By Tom Davidson
Below are the behaviors that need to be shown by someone – anyone – in a meeting environment. Don’t become a ‘Meeting Monster!’
Meetings are notorious time wasters. But they don’t have to be.
Contemporary organizations everywhere require talented people to come together to solve problems, develop products, make plans and make decisions. The question is not “if meetings are necessary” but “how to make them better.”
Tame the Meeting Monster with these three tips for making your meetings more productive so that you (and your team) can be happier and more successful at work:
1. Purpose and Objectives – Make sure your meeting has a clear objective and that everyone has the same one in mind before you begin.
2. Structure and Timing – Make a plan for the meeting (i.e., agenda, outline, process or flow), then share it, adapt it and follow it.
3. Leadership and Ground Rules – Almost nothing is as helpful as a skilled facilitator and few shared rules of the road for your meetings.
In today’s blog, we’ll discuss the third of these three pointers. The first two were covered in the previous two blog in this series.
Leadership and Ground Rules
“If you want to find the leader, look for the followers.”
Not all meetings have formal leaders, and even when they do, leadership can (and must) come from any corner of the room. But it has to come from somewhere!
Below are the behaviors that need to be shown by someone – anyone – in a meeting environment. Where you see people taking leadership roles like these, followers will be close behind.
– Facilitation – Take initiative to get things moving and keep them on track.
– Investigation – Ask questions to illuminate information and opinions.
– Communication – Ensure that all team members are involved and that their resources are well used
– Deliberation – Role model a quality debate by advocating for ideas and being open to others’ contributions
A few ground rules go along way. “Ground rules” are agreements (or norms) about how a group will work together. The term comes from baseball, where every stadium has unique rules for playing on their “ground.” All stadiums have idiosyncrasies that can interfere with the travel of the baseball, including dugouts, tarps, camera cages, lights and flagpoles. As a result, teams that play there need predetermined “rules” for what happens when an in-play baseball meets these obstructions. Work teams are like this.
Each meeting is a team, if only for a short time, and each meeting has idiosyncrasies among its participants. So norms need to be developed so that meeting participants set up for cooperation and success.
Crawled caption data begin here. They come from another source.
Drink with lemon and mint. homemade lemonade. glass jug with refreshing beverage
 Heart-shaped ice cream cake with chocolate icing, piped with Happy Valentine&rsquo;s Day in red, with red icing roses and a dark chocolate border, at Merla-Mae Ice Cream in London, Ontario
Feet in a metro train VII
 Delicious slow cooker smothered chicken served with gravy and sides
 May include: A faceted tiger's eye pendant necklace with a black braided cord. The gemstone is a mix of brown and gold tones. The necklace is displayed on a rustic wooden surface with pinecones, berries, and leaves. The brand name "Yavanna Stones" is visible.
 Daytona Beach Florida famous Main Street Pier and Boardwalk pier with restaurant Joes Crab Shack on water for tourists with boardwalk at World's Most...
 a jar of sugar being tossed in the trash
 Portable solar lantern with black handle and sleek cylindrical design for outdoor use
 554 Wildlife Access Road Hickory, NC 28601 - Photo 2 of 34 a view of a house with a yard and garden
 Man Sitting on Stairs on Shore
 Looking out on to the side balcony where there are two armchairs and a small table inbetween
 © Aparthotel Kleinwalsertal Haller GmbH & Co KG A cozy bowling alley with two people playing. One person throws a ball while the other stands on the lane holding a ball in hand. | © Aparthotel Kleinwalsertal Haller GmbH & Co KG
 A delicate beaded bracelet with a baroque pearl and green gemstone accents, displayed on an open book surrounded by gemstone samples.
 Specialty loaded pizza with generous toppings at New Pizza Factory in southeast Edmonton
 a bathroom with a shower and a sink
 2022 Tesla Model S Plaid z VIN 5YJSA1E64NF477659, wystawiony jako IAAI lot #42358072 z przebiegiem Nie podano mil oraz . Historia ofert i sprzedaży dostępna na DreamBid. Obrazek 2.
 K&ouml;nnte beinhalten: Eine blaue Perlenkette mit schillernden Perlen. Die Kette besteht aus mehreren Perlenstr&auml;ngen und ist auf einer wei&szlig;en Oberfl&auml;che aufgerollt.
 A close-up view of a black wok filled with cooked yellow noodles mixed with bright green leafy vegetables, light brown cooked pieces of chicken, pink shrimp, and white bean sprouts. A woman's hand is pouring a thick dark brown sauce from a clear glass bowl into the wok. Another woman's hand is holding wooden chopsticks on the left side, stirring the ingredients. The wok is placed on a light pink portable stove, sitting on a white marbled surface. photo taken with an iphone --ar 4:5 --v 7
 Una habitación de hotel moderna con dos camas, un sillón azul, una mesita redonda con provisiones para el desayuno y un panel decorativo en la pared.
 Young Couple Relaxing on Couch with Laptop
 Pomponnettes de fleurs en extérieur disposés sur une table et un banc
Here are some examples from various teams I’ve worked with:
– Start and stop on time
– Return from breaks on time
– Make or take cell phone calls outside and only in an emergency
– Silence is not consent
– Consensus is not necessary but general agreement is
– Participants will treat each other with respect
– If you don’t understand something, ask
A Few Ground Rules go a Long Way
You don’t need a long list; just a few key ground rules will solve many problems. However, they need to be explicitly discussed and periodically revised if the same team meets multiple times.
If ground rules are not deliberately installed, they will grow on their own. Here are some examples of destructive ground rules that take shape on their own:
– Taking phone calls that interrupt the meeting and distract their team mates
– Arriving late and leaving early
– Remaining quite during the meeting, even though they object to something, then undermining the decision when they leave
– Criticizing others’ ideas without offering solutions
– Wandering off the subject of the meeting
You can probably see how these norms would undermine any meeting. So you might as well grow the ones you want rather than letting ones like these take shape on their own.